Q: Cross border contracts

I worked for an Australian television company, working under an Australian (not a British Equity) agreement. The programme has been repeated many times. An Equity contract would have meant royalties but my agent advised otherwise. I was an Equity member at that time. Do I have any redress?

A: You do not say whether the fixed remuneration which your agent would have negotiated for your work on the programme was designed to reflect the likelihood or possibility of programme repeats, as may well have been the case, since the possibility of repeats must or should have been within the contemplation of your agent, if not you yourself.
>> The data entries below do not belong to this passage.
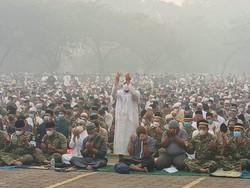 Bermasker, Ribuan Warga Pontianak Salat Istisqa di Tengah Kepungan Asap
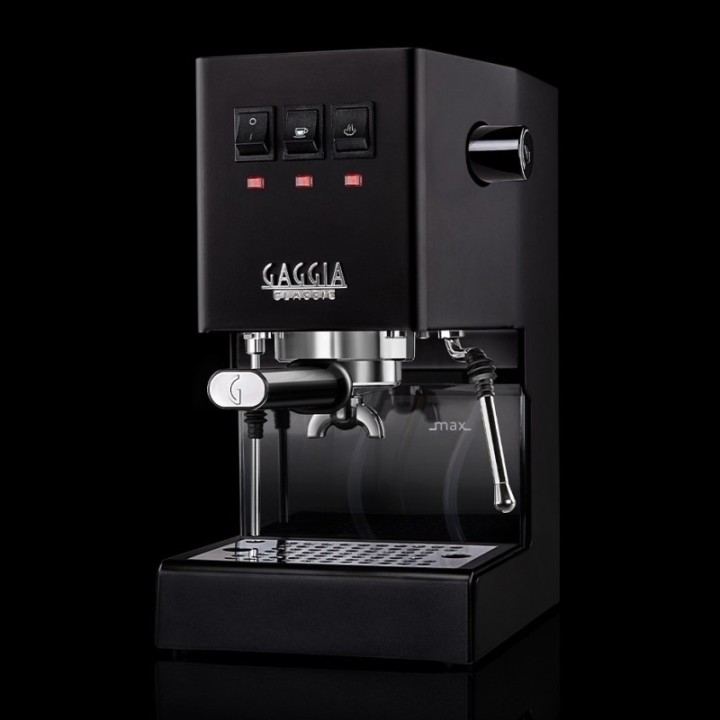 Gaggia Classic E24 Black Espresso Machine incl. Eureka Mignon Zero 55s Black Grinder & Barista Accessories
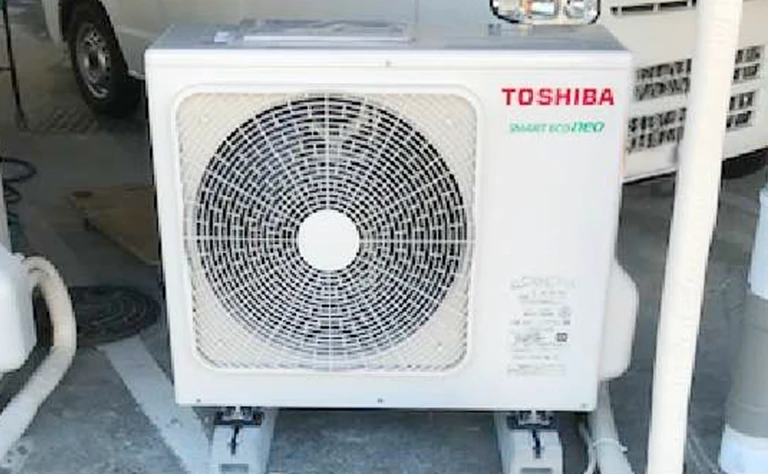 高知県土佐市 事務所 の室外機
You also do not say whether the work was done in Australia or the UK, and whether the programme was broadcast and repeated in Australia or in the UK.

Certainly if your contract of engagement were to have been made pursuant to a collective bargaining agreement between an association representing television producers and an association representing performing artists in Australia, such as that prevailing in the UK between PACT and Equity, the strong probability is that it would have provided for royalties in the form of repeat fees to be payable for repeat broadcasts. But not all television production companies are members of such associations or, if they are, will necessarily be liable to you in law for contracting out of any relevant collective bargaining agreement between their trade association and yours, although it may put them at risk of expulsion from their association, which, however, would be of no help to you. There is nothing unlawful under English law in a television company having engaged you to work for a single fixed fee without additional remuneration for any repeats.

Whether or not you have any redress against your agent will depend upon whether you can establish that the agent was negligent in carrying out his duties towards you. This means that you must be able to show he failed, when negotiating the terms of your contract, to exercise the degree of care and skill expected of a competent member of his profession, which is a matter of expert evidence in each case. Your agent would not be liable to you for mere errors of judgement, and even less so if he were to have drawn your attention to the absence of remuneration for repeats before you signed the contract. You may care to show your contract to a few other agents and see what they think about the competence issue, before you take it further.

If you think you have been treated unfairly, you can raise the matter with Equity and see whether it is prepared to try to persuade any association of which the Australian television company may be a member to bring some pressure to bear on its member to make you some ex gratia payment, but that is a very long shot indeed. Equity is more likely to be interested in taking up your case if you did the work in the UK or if the programme repeats were broadcast in the UK.